Smile Politely

It’s really OK to say “no” to things, most of the time

“I would never vote no on a referendum,” she said to me, leaning over the table and speaking softly. “I always vote for education.”

But she did.

I sat down for coffee with a woman who is, and has been, closely involved with the movement to prevent the relocation of Champaign Central High School. This is an issue that has existed in the official sense since 2006, but comes coupled with motivations and sentiments that extend much further back into our city’s history and our perpetual consideration of growth and development. Local borders, location, relocation, and the socio-political construct of the neighborhood are things that instill passion and vitriol in a community. They come with the inherent rhetorical power of home: a neighborhood can be a fortress or a curse, but it is always something impactful.

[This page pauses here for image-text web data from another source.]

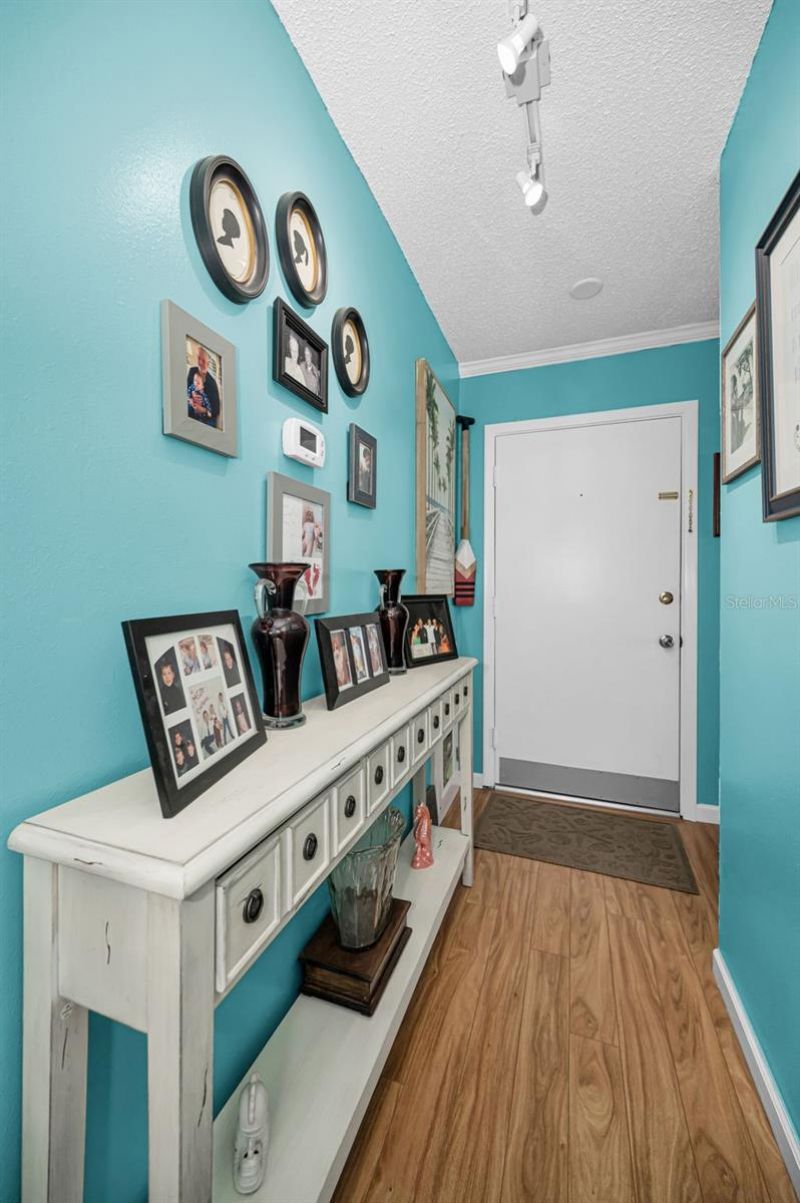 3958 37th Street S, Unit 28, Saint Petersburg, FL 33711 Photo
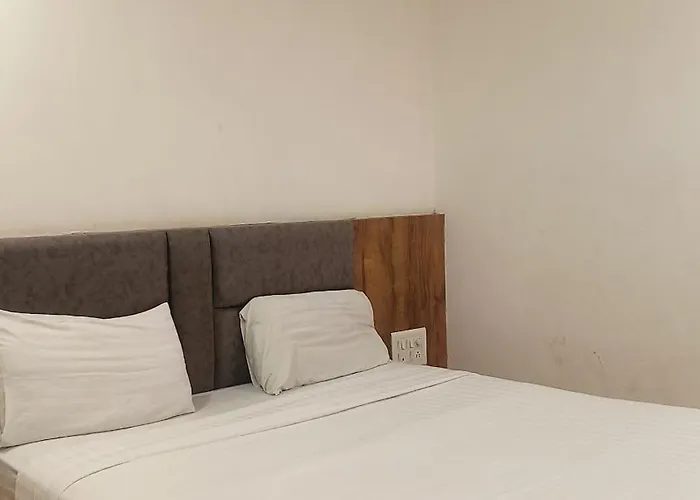 Hotelbhavya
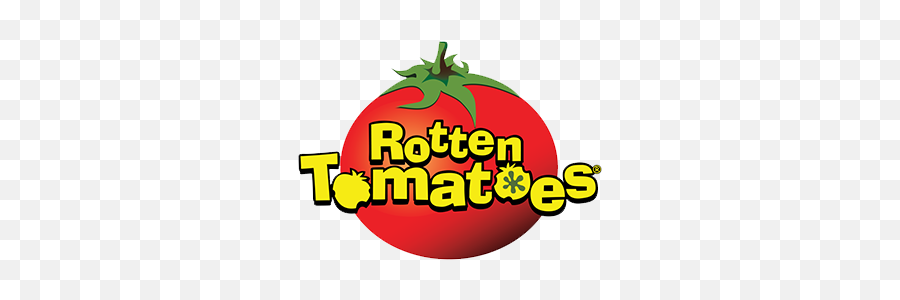 The Kenny - Rotten Tomatoes Png,Rotten Tomatoes Logo
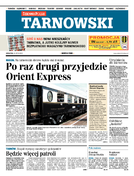 Dz. Tarnowski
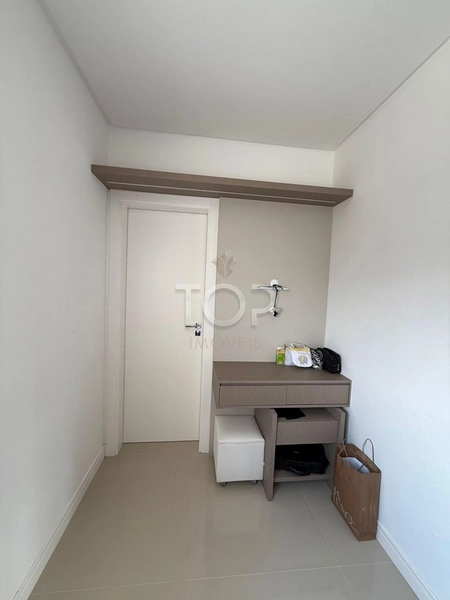 APARTAMENTO MOBILIADO EM ITAPEMA: 15ª foto da galeria de imagens do imóvel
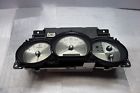 83800-30s80-rp Speedometer Lexus Gs460 Combination - 2008 Gauge Assy Cluster 2010 Meter Gs350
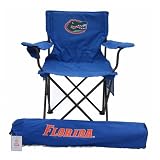 Florida Gators NCAA Ultimate Adult Tailgate Chair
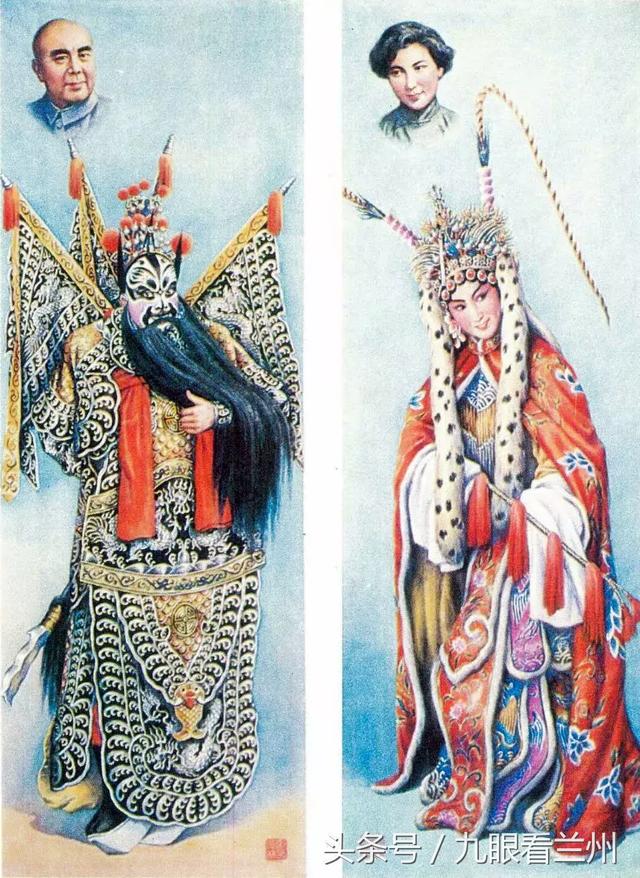 赵梦林年画作品赵梦林年画作品赵梦林年画作品赵梦林年画作品赵梦林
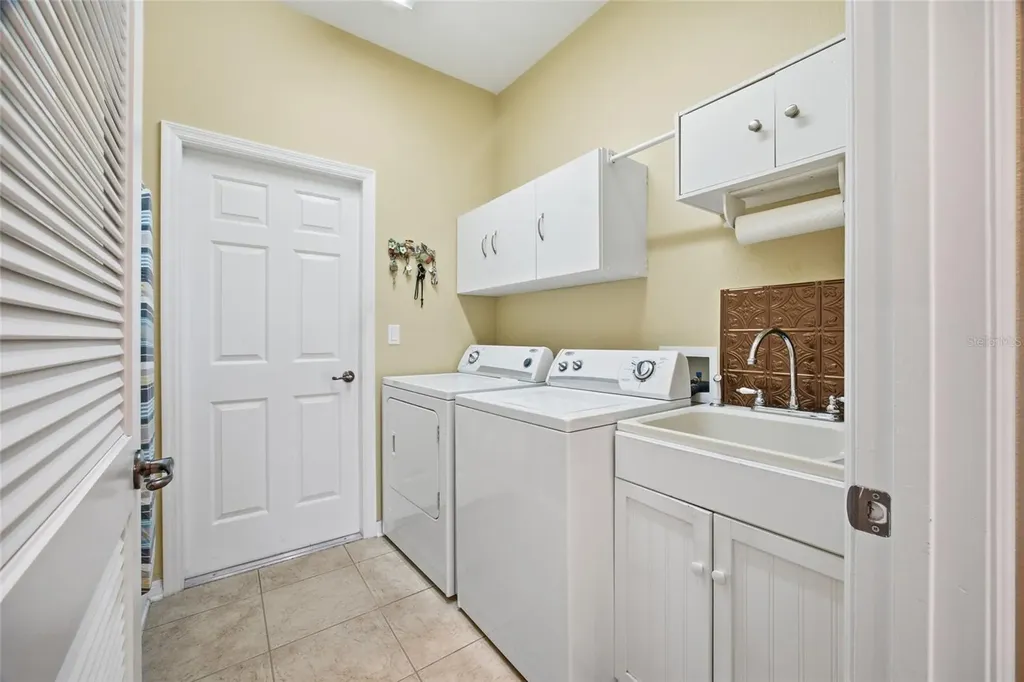 8643 SW 86th Circle Ocala FL 34481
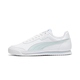 Turino II Women's Sneakers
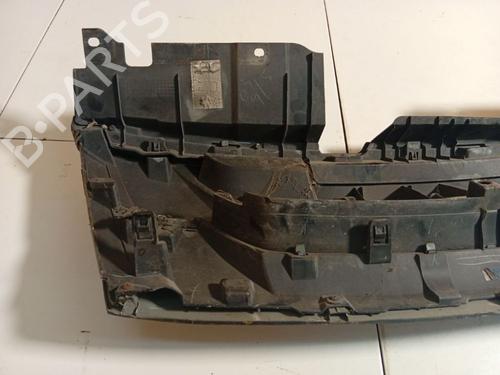 Grill ISUZU D-MAX II (TFR, TFS) 1.9 Ddi (TFR87J) | BP36584719C40 - Image 4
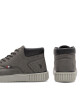U.S. Polo Assn. Зимни обувки PYRO001M/CUY1 Сив - Mera.bg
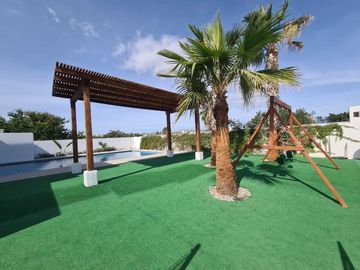 🏡 ¡Bienvenido a tu nuevo hogar en Privada del Paraíso, Cabo San Lucas! 👨‍👩‍👧‍👦🌴
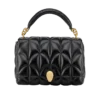 Serpenti Sugarloaf Shoulder Bag Serpenti Sugarloaf Shoulder Bag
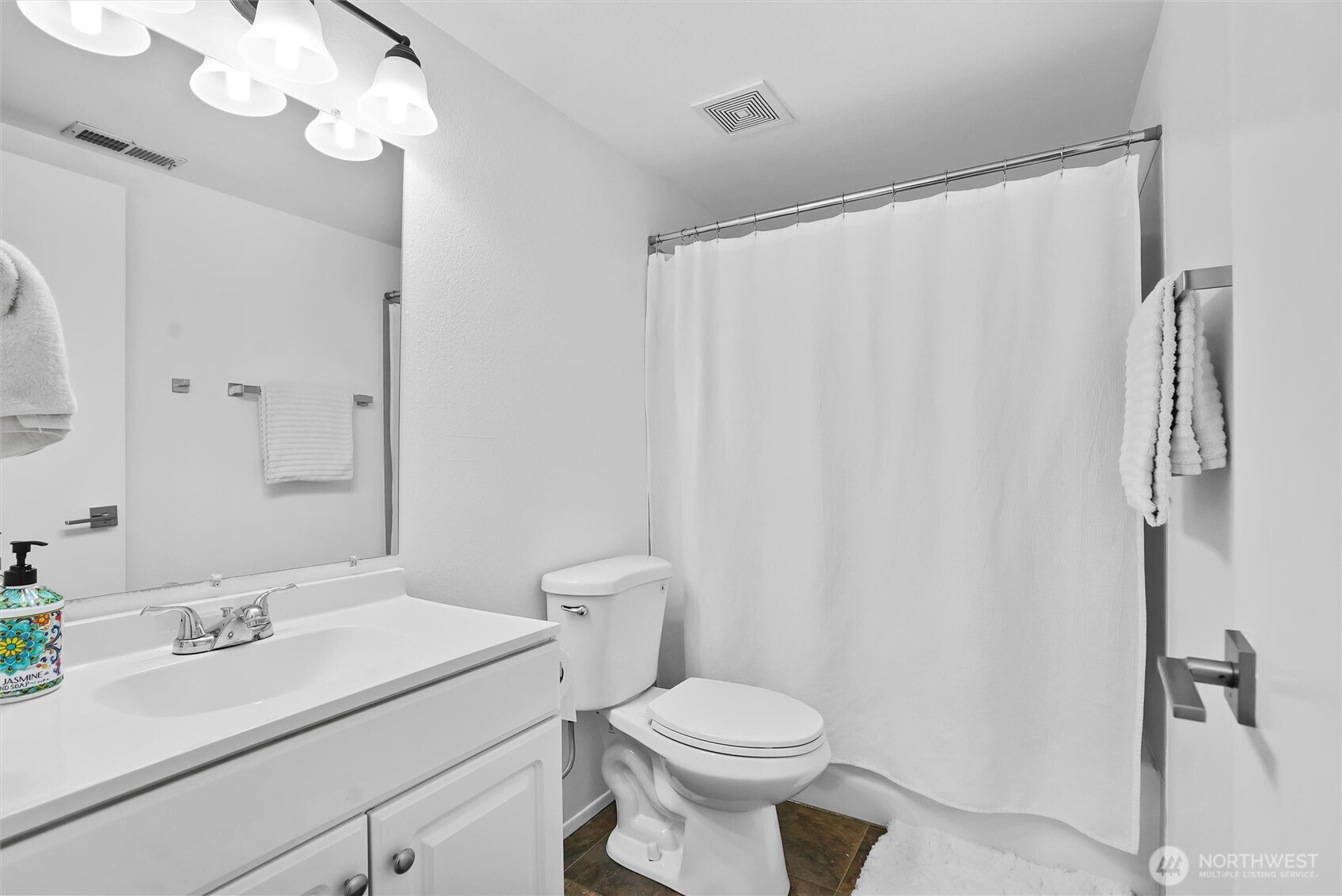 3613 97th Place SE Everett WA 98208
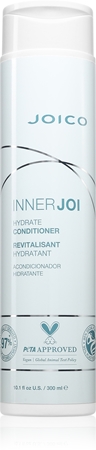 Joico InnerJoi Hydrate Conditioner Natural Conditioner with moisturising effect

I spoke to this woman with the intention of consolidating my knowledge of the issue, to learn about Keeping Central Central and the way it has operated within our local milieu. I wanted to learn her motivations and to hear from an expert what it meant to keep a high school centralized. Our talk surprised me. I suppose I’m writing an article about why.

I must admit that should have cared more coming into it. I was largely aloof of the issue, and had been for years. I had seen information about the relocation in the campus YMCA and been loosely informed by the opinions of my parents. I could have argued that I had less stake in the matter, and in some ways I guess I might. On paper. I am a childless, unmarried college graduate who currently lives in Urbana. I am cut off entirely from this world of parents and high schools, bus-lanes and after-school sports. But my life is nonetheless deeply connected with Central High School, as much as it is rooted inexorably with Champaign-Urbana. I came to the conclusion that it would be crap to write off the responsibilities of community because of some sort of detached apathy, and thus began my own preliminary research on the issue, where I found that the arguments of the Keep Central Central movement were resonating with me.

The points they make are about space and heating, light and form, parking lots and beauty. They are about creating an environment that is not only accessible and aesthetically pleasing, but one that could foster learning. They are about using what we have to create something wonderful. I am a Champaign Central Alumnus and I remember sweating at my desk in the ninth grade, late August, and only focusing on the damp heat. I remember our shabby gym, cramped hallways and small windows.

We used to call it a prison.

I had expected this interview to be something something bare-boned and factual. I intended to pick her brain on these details and validate a sense of community passion in this way. In my head, it was going to be pretty political. My intention for this piece was to write an article that was both hard hitting and pointed, something sharp that would work conclusively towards an obvious choice about the location of the high school. Cut and dry.

What we focused on more than anything, however, was not necessarily the reasons why a centrally located high school is a good idea, but about the way that ideology and the way we think as a community had shaped the way that these decisions were being made.

More than anything, she told me, this Keep Central Central movement is about saying no. Or more precisely, about feeling okay about the action of saying no. This is a movement of opposition, with the simple goal of shooting down any referendum that would support the tax increase necessary to move Champaign Central High School north of Interstate 74.

What struck me the most about our talk was the way she spoke about a sense of permission: permission for educators and community members alike to still feel like progressive and compassionate members of a community while opposing something that had been billed as essential to development and moving forward. The groundwork of their argument had been laid in factual terms, but the path to ideological resistance was still murky and under-supported.

Moving Central so far North is indicative of a particular mentality that I have noticed more and more frequently in our city. We pursue development in earnest and seem to crave the act of expansion and development as a way to increase both revenues and a sense of community relevance. It seems like we think that bigger is better, and we must chase the Urban part of Micro-Urban because urban growth is a crucial part of progression and development.

We seem to think that growth occurs exclusively outward, as a function of size and shape and external progress. This can be seen laterally, with development pushing ever outward into the countryside and perpetuating a loose urban sprawl that threatens to stretch and striate our neighborhoods. It can be seen happening upwards as well on campus town in the form of massive new apartment buildings that are pulling housing out of low-rent developments and working steadily towards creating a housing bubble. Development is not in and of itself a necessarily good. Progression, if it is simply progression outward, can be problematic.

The Keep Central Central movement helps to challenge these ideals in two ways. First, it has established, pretty conclusively, that there is a great deal of merit in re-using and revitalizing internal space within our community. The arguments for re-use of the original Central building are cogent and appealing, backed by a precedent of similar building projects across the country. Second, it works to fight this majority-favoring ideology that dictates that expansion and remote development is necessarily a boon for both education and for the economic status of Champaign-Urbana.

I like any movement that allows individuals to fight back. In this case we are suddenly allowed to question patterns of thought and development that threaten to whitewash our decision making process. I think it is critical for grassroots movements, composed of compassionate individuals, to continue to crop up around our city and across the country. They help to break apart existing binaries, and help us to keep from stagnating and settling into fixed patterns of thinking and doing. It’s up to the rest of us to fight the apathy that is always lurking about the periphery of our civic lives.

I asked this woman what she planned to do next. She said that they were watching, waiting, ready to raise their voices and keep saying no.